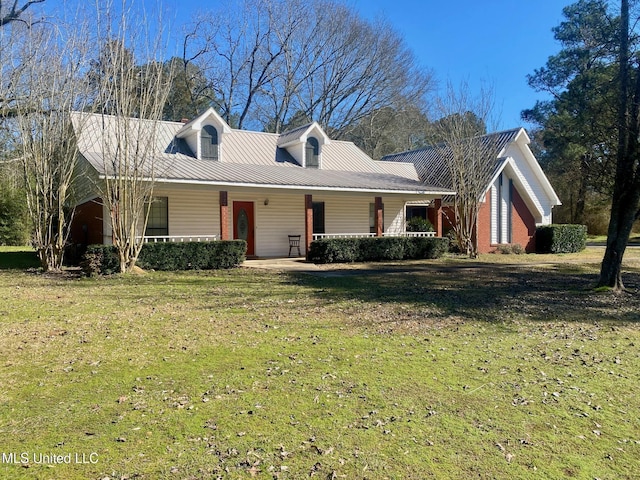 view of front facade featuring a front yard, covered porch, and metal roof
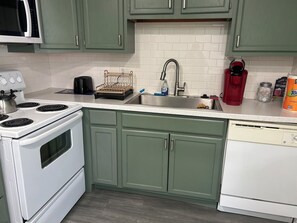 Una cocina con armarios verdes, una estufa blanca, un lavamanos y una cafetera.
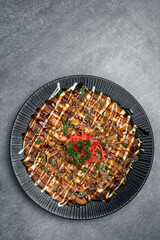 Okonomiyaki traditional japanese savoury pancake dish in restaurant on grey background - 659905953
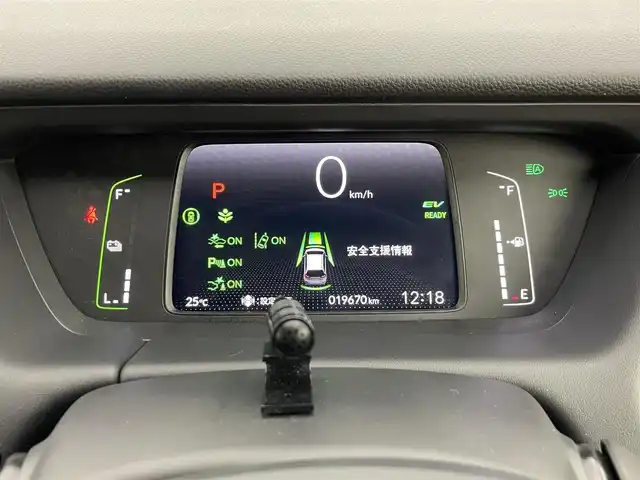 ホンダ フィット e:HEVホーム 道央・札幌 2023(令5)年 2万km クリスタルブラックパール ・４WD/・寒冷地仕様/・社外メモリナビ/　BT/USB/CD/DVD/SD/フルセグ/・社外ETC/・バックカメラ/・ホンダセンシング/・レーダークルーズコントロール/・踏み間違い衝突軽減ブレーキ/・横滑り防止/・レーンキープアシスト/・前後コーナーセンサー/・コンフォートビューパッケージ/・プッシュスタート/・スマートキー/・LEDヘッドライト/・オートライト/・オートマチックハイビーム/・ヘッドランプレベライザー/・純正フロアマット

- _Brief_:
Output exactly the lines above that lie between the line with "Una cocina con" and the line with "Okonomiyaki traditional japanese", those two lines included, and no pictures.

- _Response to this exercise_:
 Una cocina con armarios verdes, una estufa blanca, un lavamanos y una cafetera.
 Okonomiyaki traditional japanese savoury pancake dish in restaurant on grey background - 659905953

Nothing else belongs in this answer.